Thermoelastic dissipation in inhomogeneous media: loss measurements and displacement noise in coated test masses for interferometric gravitational wave detectors
M. M. Fejer, S. Rowan, G. Cagnoli, D. R. M. Crooks, A. Gretarsson, G., M. Harry, J. Hough, S. D. Penn, P. H. Sneddon, S. P. Vyatchanin

TL;DR
This paper analyzes thermoelastic damping in coated test masses for gravitational wave detectors, providing formulas to interpret loss measurements and displacement noise, which are crucial for improving detector sensitivity.
Contribution
It introduces new expressions for thermoelastic dissipation and displacement noise in inhomogeneous coated media relevant to gravitational wave detectors.
Findings
Thermoelastic damping significantly affects mirror noise.
Formulas enable better interpretation of loss measurements.

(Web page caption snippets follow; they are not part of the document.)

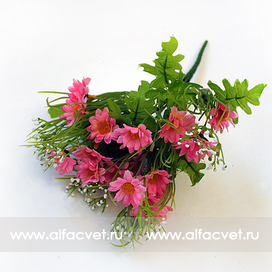 искусственные цветы букет ромашек с добавкой кашка цвета розовый 5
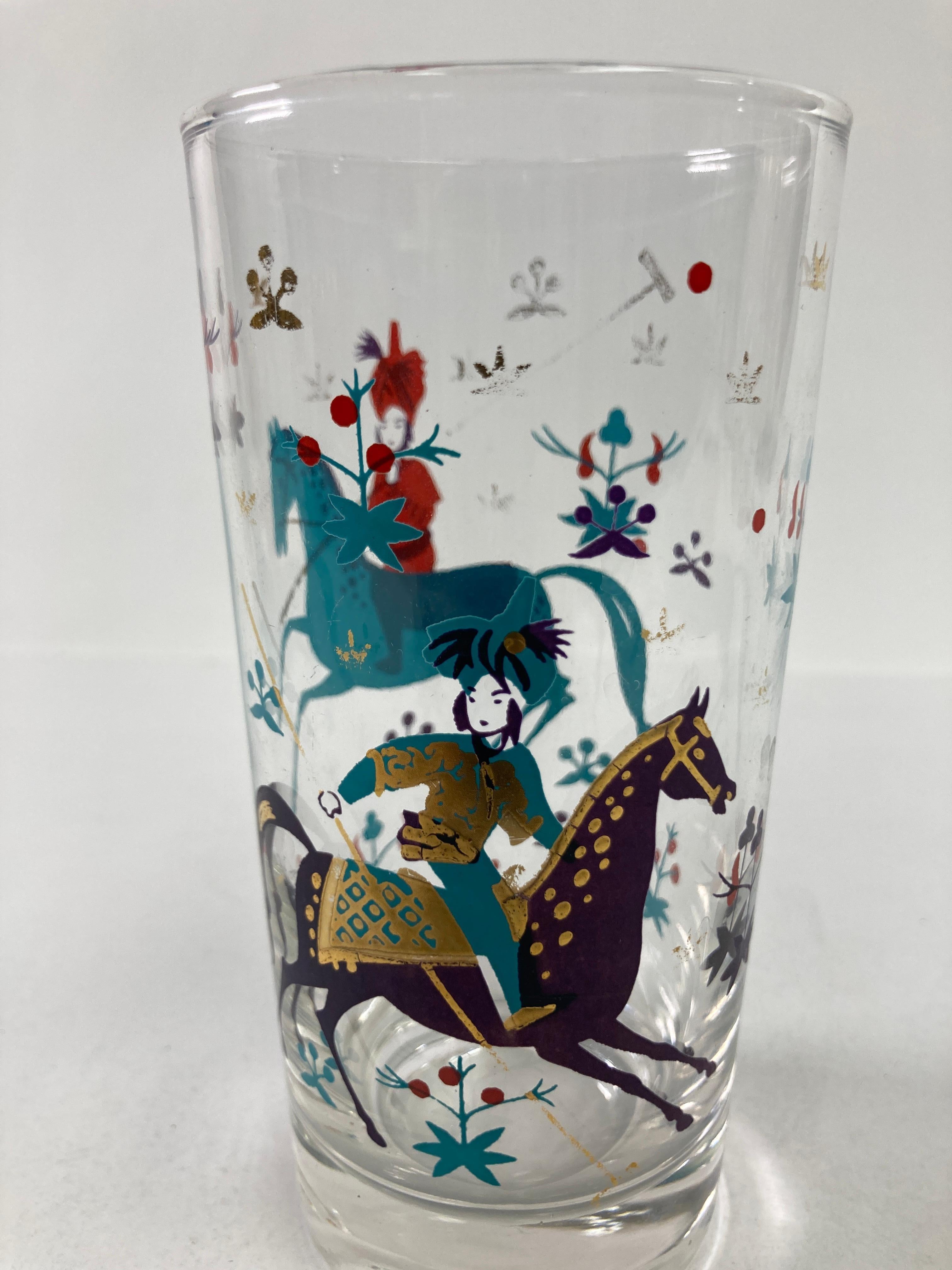 American Arabian Nights Highball Tumbler Turquoise and Gold by Georges Briard 1950's For Sale
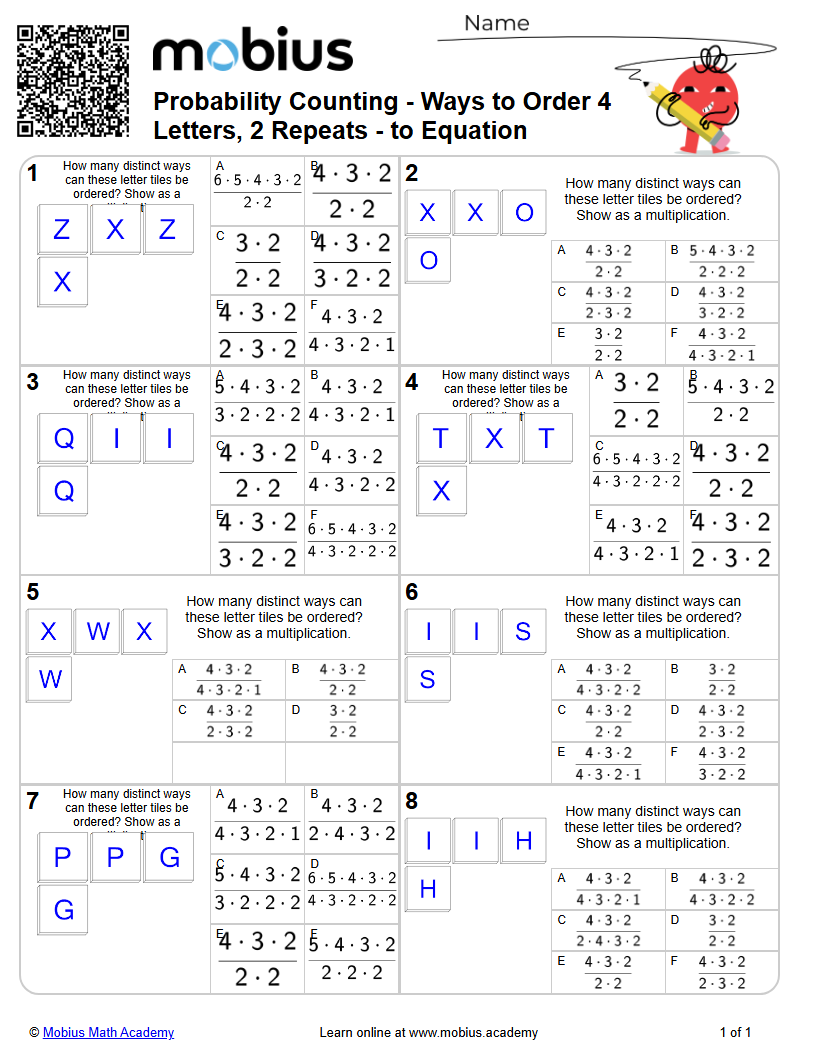 Probability Counting | Ways to Order 4 Letters, 2 Repeats - to Equation ...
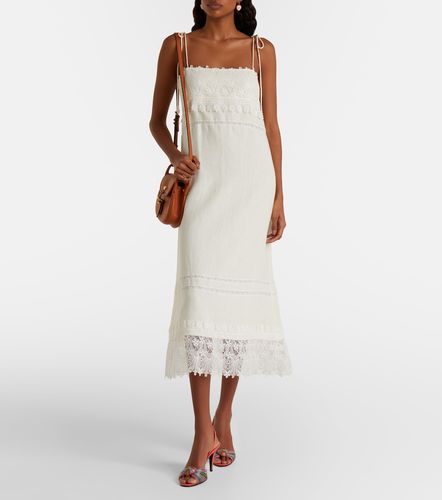 Abito midi in lino con pizzo - Valentino - Modalova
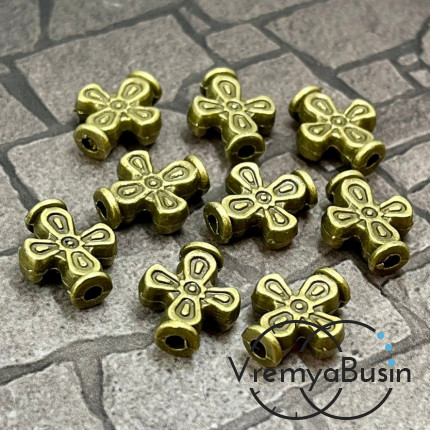 Бусина металлическая  "Крест", 15х12х5 мм, цв. бронза (1 шт.)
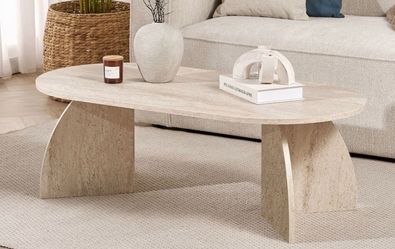 Travertine Stone Oval Coffee Table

Design implications for advanced detectors.
Abstract
The displacement noise in the test mass mirrors of interferometric gravitational wave detectors is proportional to their elastic dissipation at the observation frequencies. In this paper, we analyze one fundamental source of dissipation in thin coatings, thermoelastic damping associated with the dissimilar thermal and elastic properties of the film and the substrate. We obtain expressions for the thermoelastic dissipation factor necessary to interpret resonant loss measurements, and for the spectral density of displacement noise imposed on a Gaussian beam reflected from the face of a coated mass. The predicted size of these effects is large enough to affect the interpretation of loss measurements, and to influence design choices in advanced gravitational wave detectors.